Task requirements — Look through the data below for the line with "If you have" and the line with "Hi guys, we", then transcribe exactly from the first through the second, leaving out all pictures.

Top of Listed records

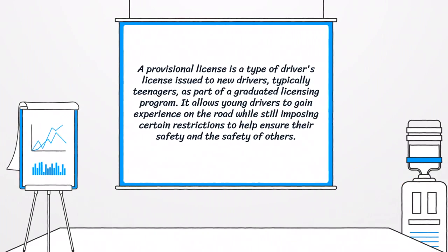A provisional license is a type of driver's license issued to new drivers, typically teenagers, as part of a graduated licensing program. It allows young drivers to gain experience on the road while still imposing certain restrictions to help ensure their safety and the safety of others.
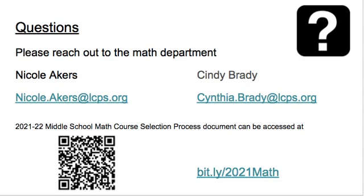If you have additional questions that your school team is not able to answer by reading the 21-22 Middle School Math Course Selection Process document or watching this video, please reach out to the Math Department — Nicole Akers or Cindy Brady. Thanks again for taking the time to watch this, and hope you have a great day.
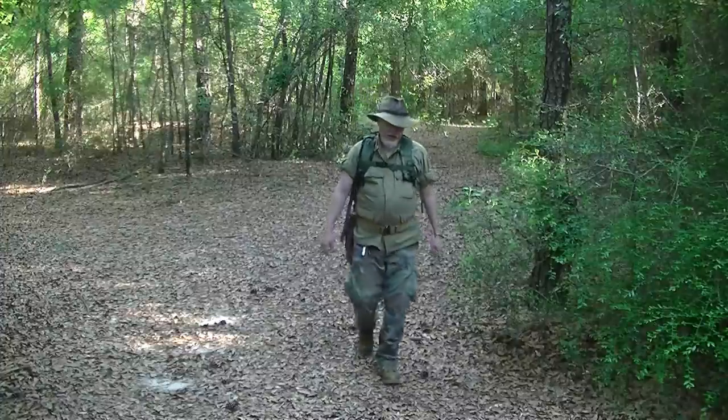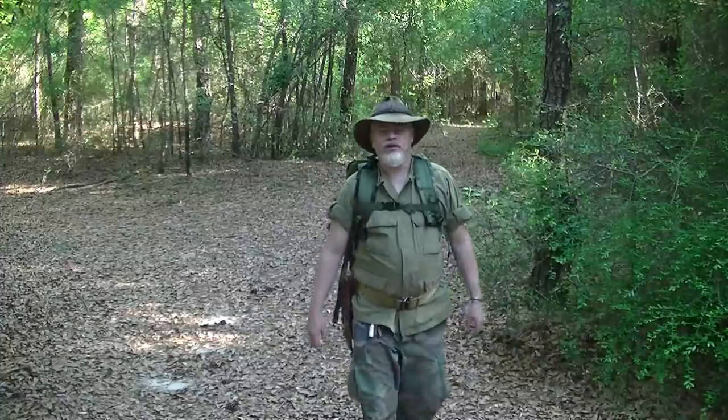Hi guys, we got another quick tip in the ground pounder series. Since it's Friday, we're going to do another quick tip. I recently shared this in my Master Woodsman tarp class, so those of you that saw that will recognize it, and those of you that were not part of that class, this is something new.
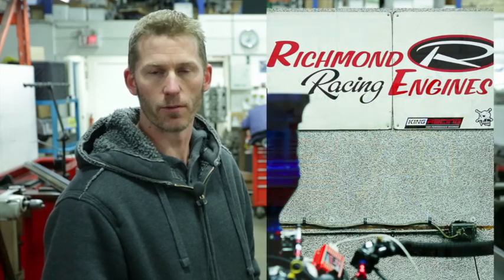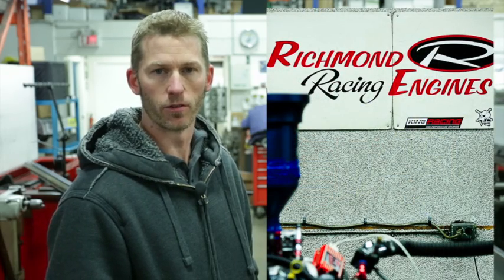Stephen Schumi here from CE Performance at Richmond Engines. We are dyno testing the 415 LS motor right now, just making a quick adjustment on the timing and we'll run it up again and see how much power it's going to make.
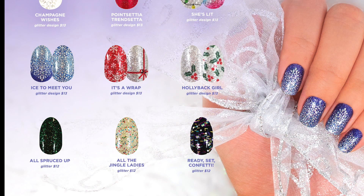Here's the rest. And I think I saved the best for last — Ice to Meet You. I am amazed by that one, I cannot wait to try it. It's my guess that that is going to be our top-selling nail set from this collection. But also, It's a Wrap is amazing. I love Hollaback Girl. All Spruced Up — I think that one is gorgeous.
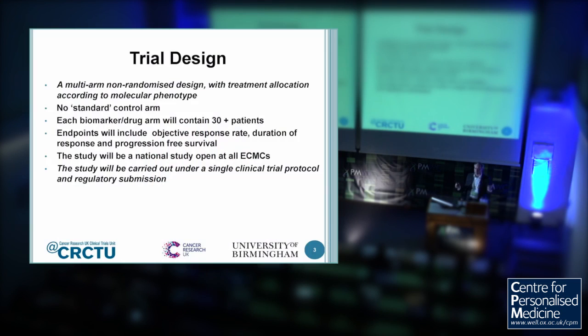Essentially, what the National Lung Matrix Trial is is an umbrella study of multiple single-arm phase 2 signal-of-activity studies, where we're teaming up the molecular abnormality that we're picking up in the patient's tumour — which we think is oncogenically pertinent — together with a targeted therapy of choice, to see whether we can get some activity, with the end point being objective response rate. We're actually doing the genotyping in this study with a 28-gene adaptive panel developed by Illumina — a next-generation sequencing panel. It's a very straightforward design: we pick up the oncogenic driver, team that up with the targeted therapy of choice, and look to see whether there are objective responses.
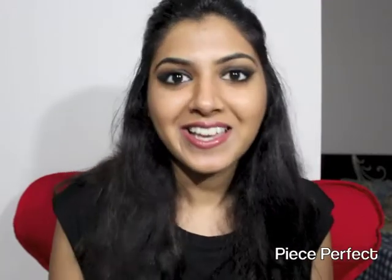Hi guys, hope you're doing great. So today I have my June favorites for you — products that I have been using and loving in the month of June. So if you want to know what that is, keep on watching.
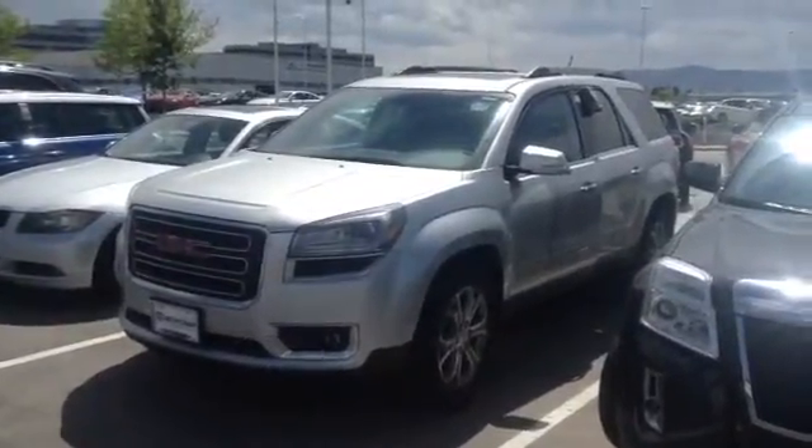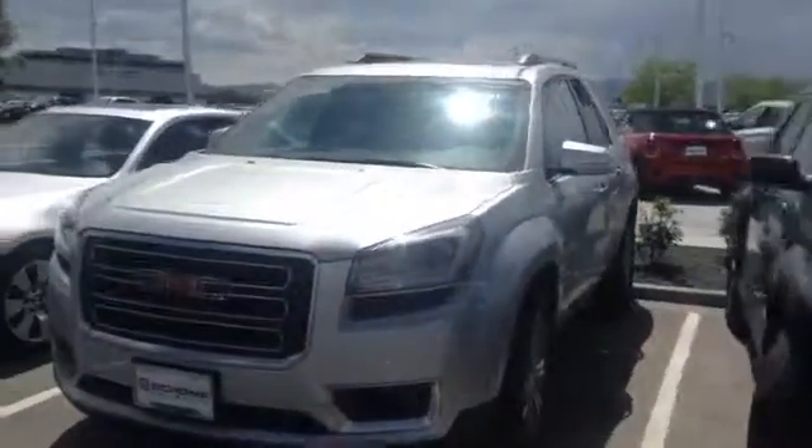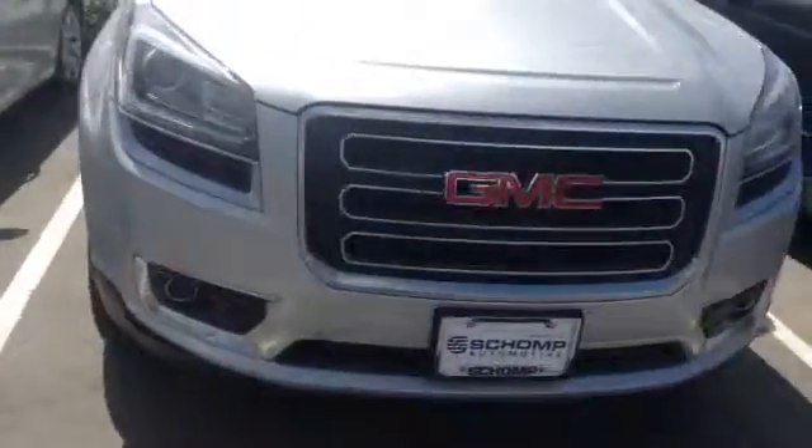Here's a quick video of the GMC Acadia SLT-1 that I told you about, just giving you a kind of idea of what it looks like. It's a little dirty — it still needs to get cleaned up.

Bottom of Listed records

Reply to the exercise —
If you have additional questions that your school team is not able to answer by reading the 21-22 Middle School Math Course Selection Process document or watching this video, please reach out to the Math Department — Nicole Akers or Cindy Brady. Thanks again for taking the time to watch this, and hope you have a great day.
Hi guys, we got another quick tip in the ground pounder series. Since it's Friday, we're going to do another quick tip. I recently shared this in my Master Woodsman tarp class, so those of you that saw that will recognize it, and those of you that were not part of that class, this is something new.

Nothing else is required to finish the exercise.